Dans la célèbre sitcom des années 80 ALF, le héros éponyme est un extraterrestre burlesque squattant chez une famille de la classe moyenne américaine. Dans un épisode, Alf ne cesse de cesse de poser des questions naïves à Kate, la mère, sur la politique. Celle-ci lui répond que les choses sont plus compliquées qu'il ne le pense, mais la nuit venue, elle a le sommeil agité. Elle finit par rêver qu'Alf est subitement devenu Président des Etats-Unis, et qu'elle lui rend visite dans le bureau ovale. Kate considère qu'il s'agit d'un travail sérieux, et finit par l'interroger :
"Kate : Que comptes-tu faire à propos des sans abris ?
Alf : C'est réglé !
Kate : Qu'est-ce qui est réglé ?
Alf : Il y a des maisons qui sont construites pour chacun d'entre eux.
Kate : D'accord. Et qu'est-ce que tu fais à propos du chômage ?
Alf : Il n'y en a pas. Tout le monde construit des maisons.
Kate : Et je suppose que les gens ne font plus de guerres...
Alf : Qui a le temps pour ça ? Ils sont tous en train de choisir le papier peint de leurs nouvelles maisons !
Kate : Alf, je ne crois pas que les problèmes de ce pays peuvent être réglés aussi facilement...
Alf : Bien sûr que si. Regarde dehors.
Kate se lève, et regarde, troublée : Tout le monde danse dans les rues..."

Tout l'épisode repose sur l'humour provoqué entre les visions compliquées de Kate, et le don d'Alf pour tout simplifier. Et si, justement, c'était aussi simple que ça ? Peut-on appliquer le programme d'Alf pour régler les problèmes du logement et du chômage, et qu'on finisse par tous danser dans les rues ?

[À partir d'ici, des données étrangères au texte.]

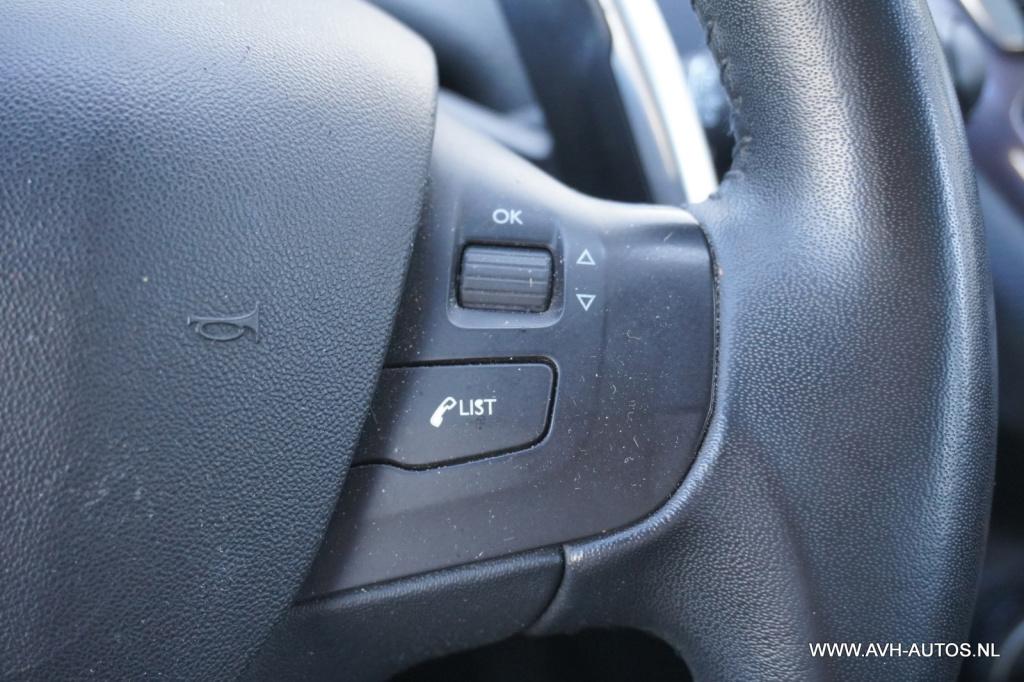 Peugeot 2008 1.2 vti active pack premium automaat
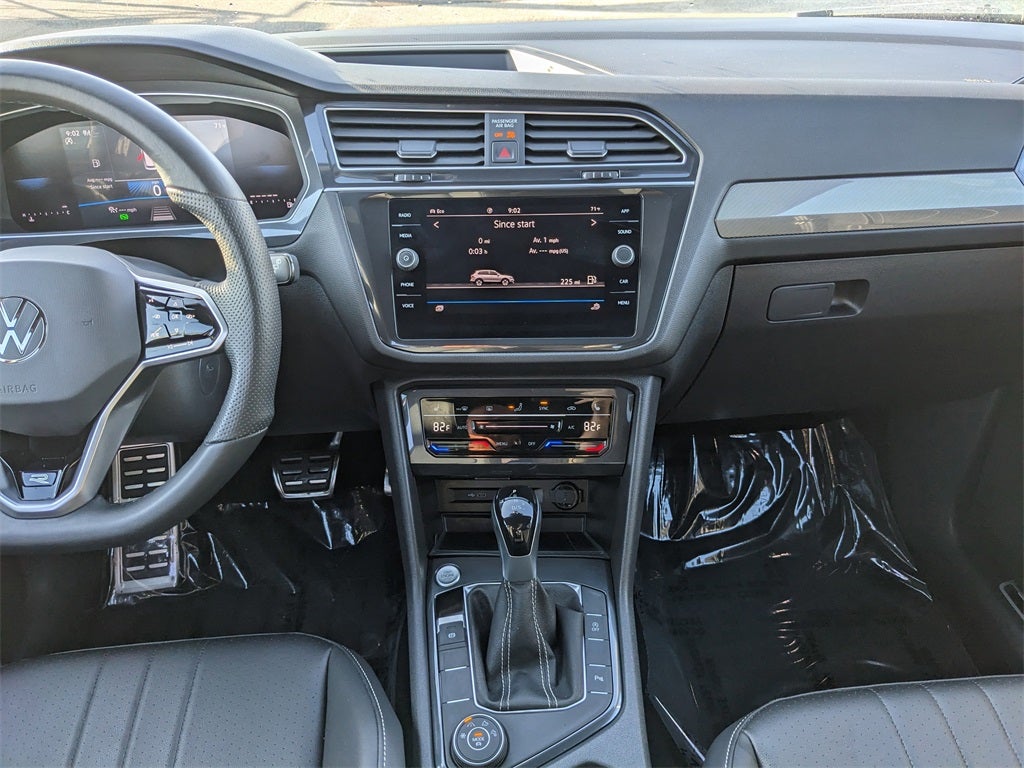 2024 Volkswagen Tiguan 2.0T SE R-Line Black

Regardons comment ça se passerait concrètement. Pour que tout le monde puisse construire des maisons, il faudrait déjà qu'ils en aient les qualifications. Après tout, à l'époque de la colonisation américaine, chaque pionnier se construisait sa propre maison (qui ressemblait certes plus à une cabane) sur le terrain vierge qu'il trouvait. Aux Etats-Unis, les maisons en bois sont encore souvent prédominantes, et permettent un coût de l'immobilier moins élevé. En France, cela se traduit par le rêve de la maison en kit à 100 000 €. Le principal obstacle devient alors le besoin de capital : il n'est pas question d'abattre les arbres de la forêt du coin pour se construire sa maison. Les outils ne tombent pas du ciel. Et il reste également la question du terrain...

On peut imaginer plusieurs solutions alors. Des taux d'intérêts faibles peuvent aider les moins favorisés à emprunter le capital minimum pour faire aboutir la construction de leur propre maison. Sinon, le gouvernement peut attribuer des terrains, à condition d'en garder la propriété tant qu'ils ne sont pas dument achetés. C'est un peu la raison d'être des HLM. En fait, le coeur des difficultés immobilières est la volonté de la population d'habiter à un endroit précis. En France, certaines régions souffrent de désertification rurale, et il y aurait même des dizaines de milliers de logements sociaux vides dans les départements les moins attractifs. La question est plutôt celle de l'évolution du nombre de sans abris et de leur mobilité.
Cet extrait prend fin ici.